When diabetes is not adequately controlled, it can increase the risk of atrial fibrillation. This is because unmanaged blood sugar can lead to inflammation in the heart and impair its function.

Treatments and Management for Atrial Fibrillation

The primary goals in treating atrial fibrillation are to manage the heart rate, restore a normal heart rhythm, and minimize the risk of stroke.

There are three common types of medications used to treat this condition.

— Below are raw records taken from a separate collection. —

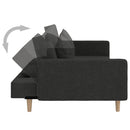Schlafsofa 2-Sitzer Mit 2 Kissen Stoff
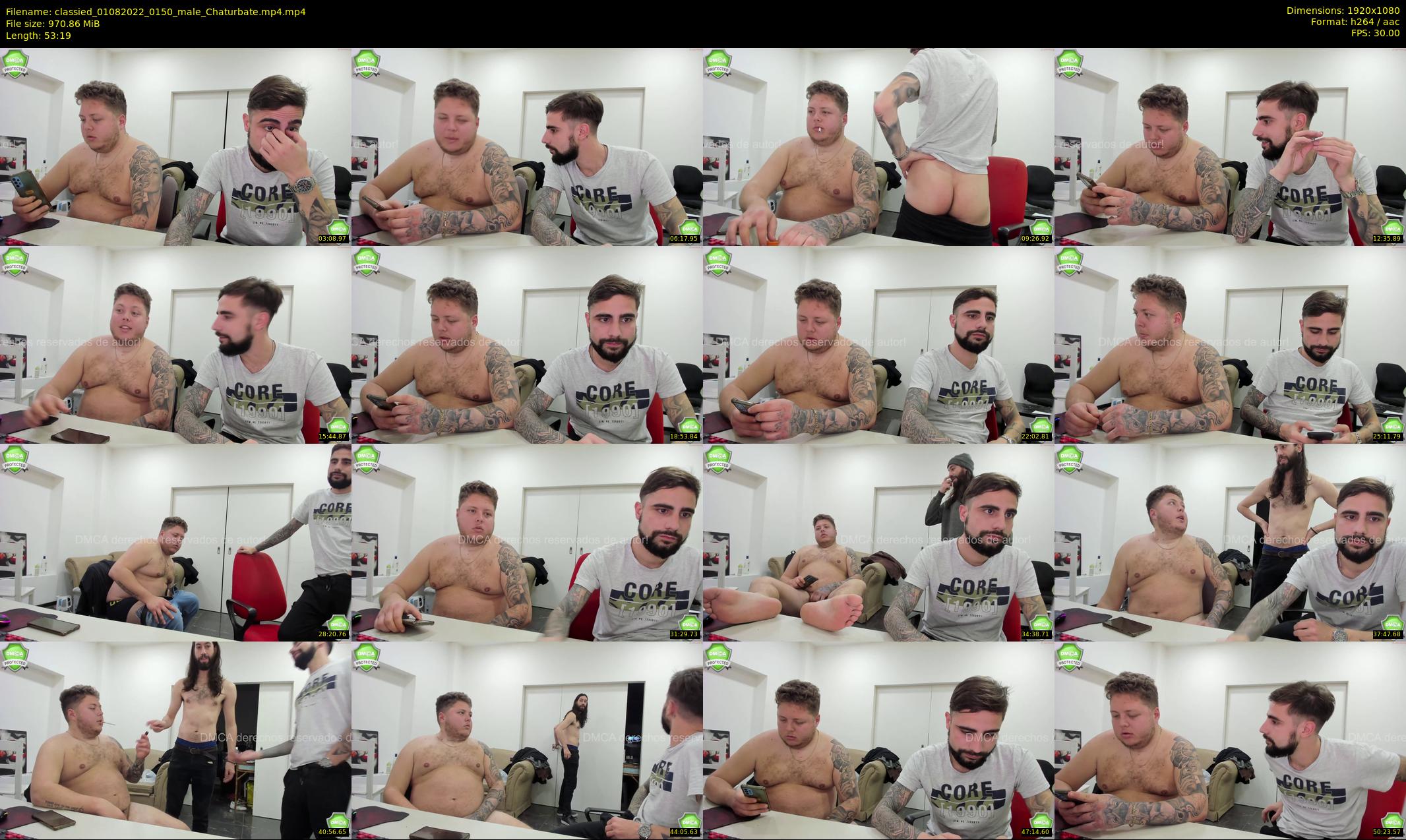 classied — 54 minute Chaturbate male cam show recording, 1080p, Aug 1, 2022
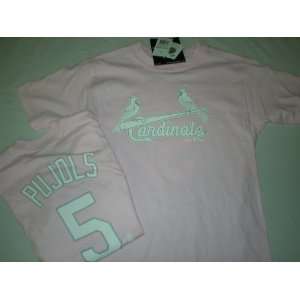  Albert Pujols Cardinals Womens Pink Player T shirt Sports 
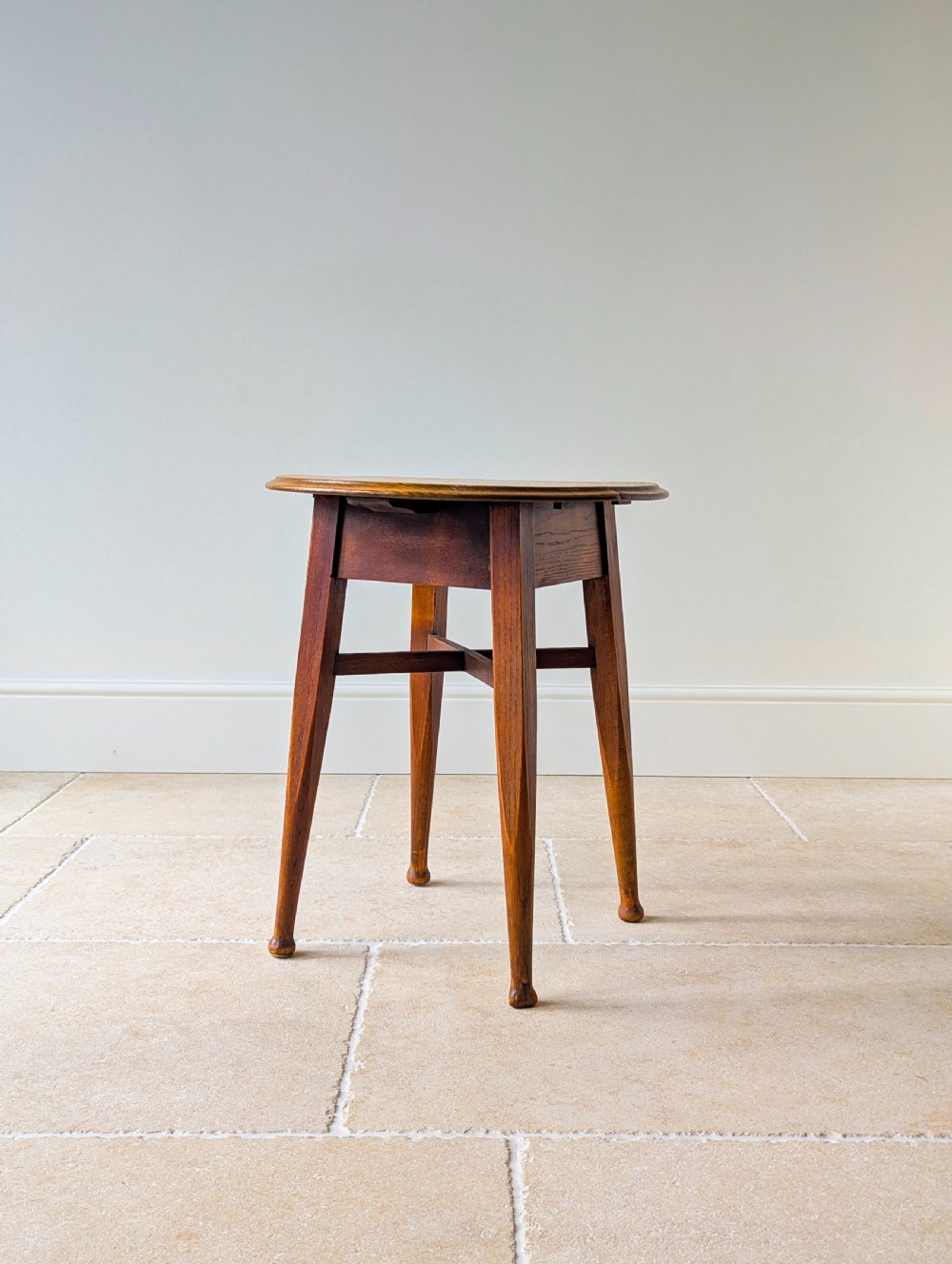Antique Edwardian Oak Circular Pub Table by Gaskell & Chambers c.1910 View XIII
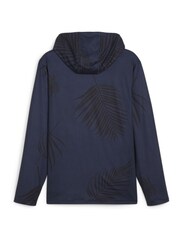 Puma x PALM TREE Blue CREW Mens Golf Hoodie - Image 2 of 2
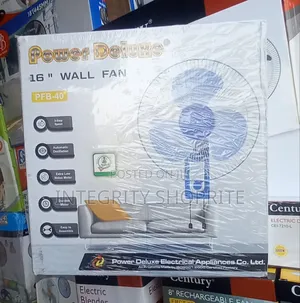 Power Deluxe 16" Wall Fan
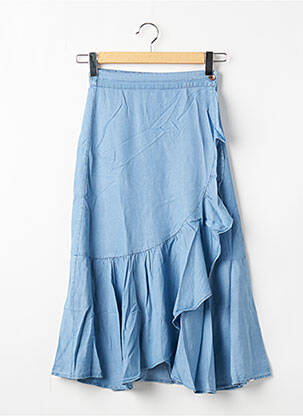 Jupe mi-longue bleu SALSA pour femme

These include:

  • Blood thinners: Also known as anticoagulant medications, blood thinners like warfarin work to prevent blood clots in the body, helping to reduce the risk of a stroke.

  • Rhythm control medications: These medications help the heart to beat at a normal rhythm. Some examples are procainamide and disopyramide.

  • Rate control medications: These medications prevent the ventricles in the heart from beating too fast. Examples include verapamil or digoxin.

How to Prevent Atrial Fibrillation

There are certain lifestyle changes you can make to prevent the onset of atrial fibrillation:

  • Manage chronic conditions: Controlling high blood pressure, diabetes, and high cholesterol can reduce your risk of developing this condition.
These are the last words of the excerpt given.